SACRAMENTO, Calif._Three months ago, Democratic legislators unveiled a bold "debt-free college" plan that sought to eliminate the need for nearly 400,000 students to take out loans to finance their University of California and California State degrees.
Now, they're poised to approve a budget that includes more modest efforts to chip away at the spiraling costs of attending college.
"We didn't get into this problem overnight and we're not going to get out of it overnight either," said Democratic Assemblyman Kevin McCarty, who helped lead the proposal. "This is a long-term conversation ... that I think the Assembly and frankly the Legislature is totally committed to."
Assembly Democrats had proposed new scholarships_which would supplement existing aid programs_that would offset the cost of room and board, textbooks and other living expenses that tend to be bigger drivers of college costs than tuition. The fully implemented plan would cost $1.6 billion per year; legislators had suggested phasing in the program over five years, with an initial cost of $320 million.
The budget doesn't put any money toward such grants. Instead, it directs the California Student Aid Commission to consider how to consolidate existing scholarships in ways that would lower students' overall college costs, including non-tuition expenses such as housing and transportation.
There are other nods toward the college affordability issue in the budget. The plan maintains the Middle Class Scholarship_which Gov. Jerry Brown had proposed axing_and allocates $50 million in grants for community college students to cover living expenses. It also puts $3 million toward a state-sponsored college savings account, in which the state will match up to $200 for low-income families who open such accounts for their young children.
Left out of the budget was a proposal to make the first year of community college tuition-free for all full-time students.

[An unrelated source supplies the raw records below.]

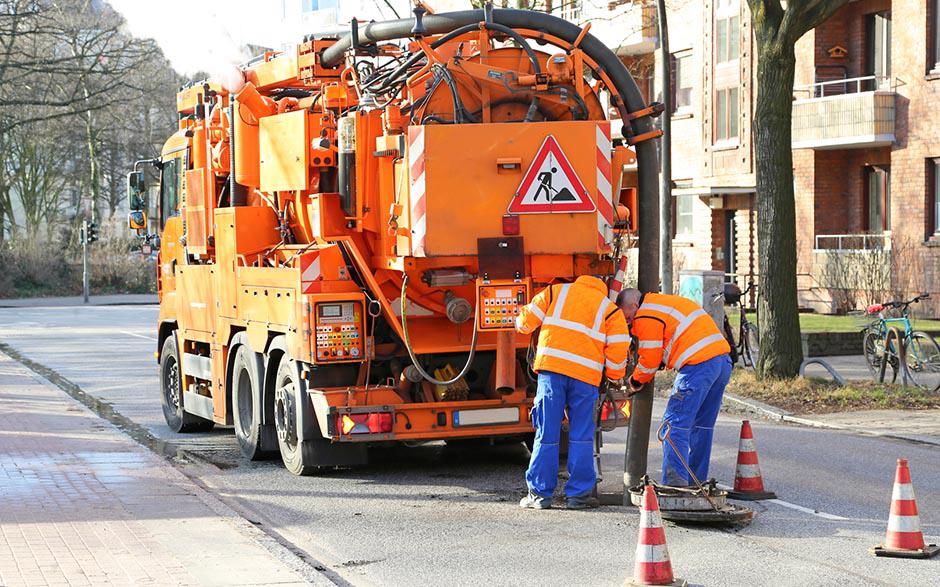 déboucher une canalisation d'eaux usées Les Lilas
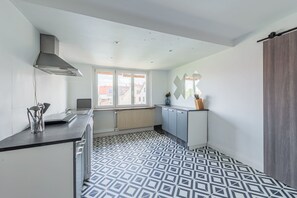 Frigorifero, microonde, lavastoviglie, macchina per tè/caffè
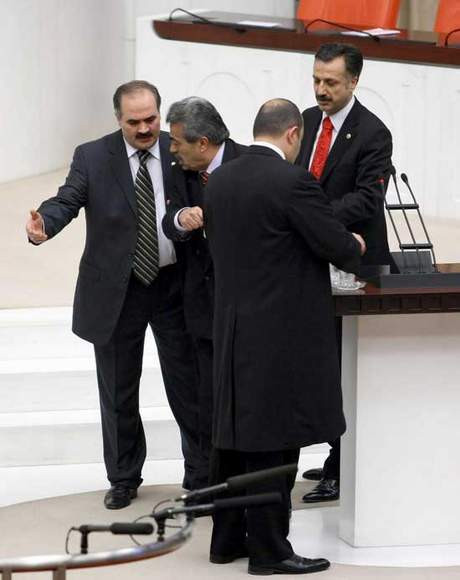 Mecliste türban oylaması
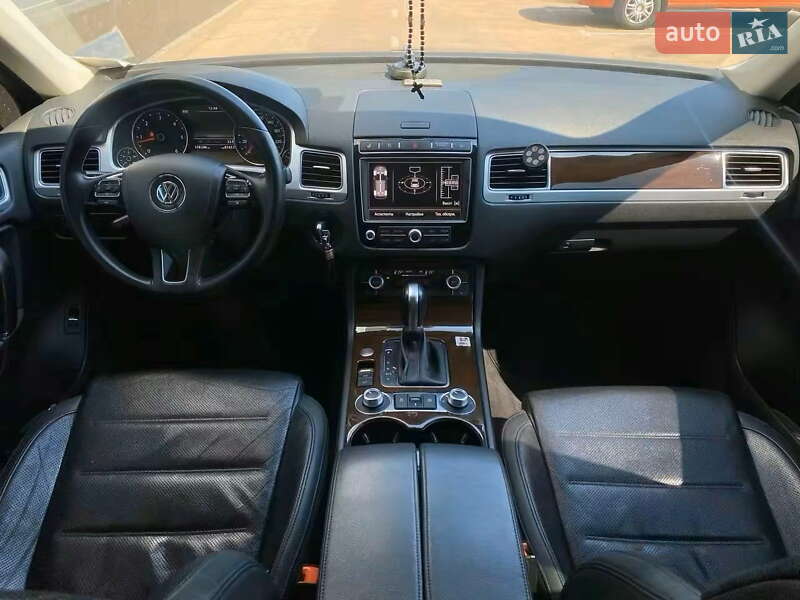 Позашляховик / Кросовер Volkswagen Touareg 2018 в Києві фото 21 Позашляховик / Кросовер Volkswagen Touareg 2018 в Києві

Democratic Assemblyman Miguel Santiago, who has championed the idea, said he'll continue to pursue it through his bill, AB 19. The measure currently doesn't have any funding attached to it but he said he's seeking ways to repurpose existing community college money.
Santiago called the budget "a step in the right direction" for tackling the high cost of college.
"This is going to become a conversation that is important every single year as we go through the budget process, and that hasn't happened in the past," he said.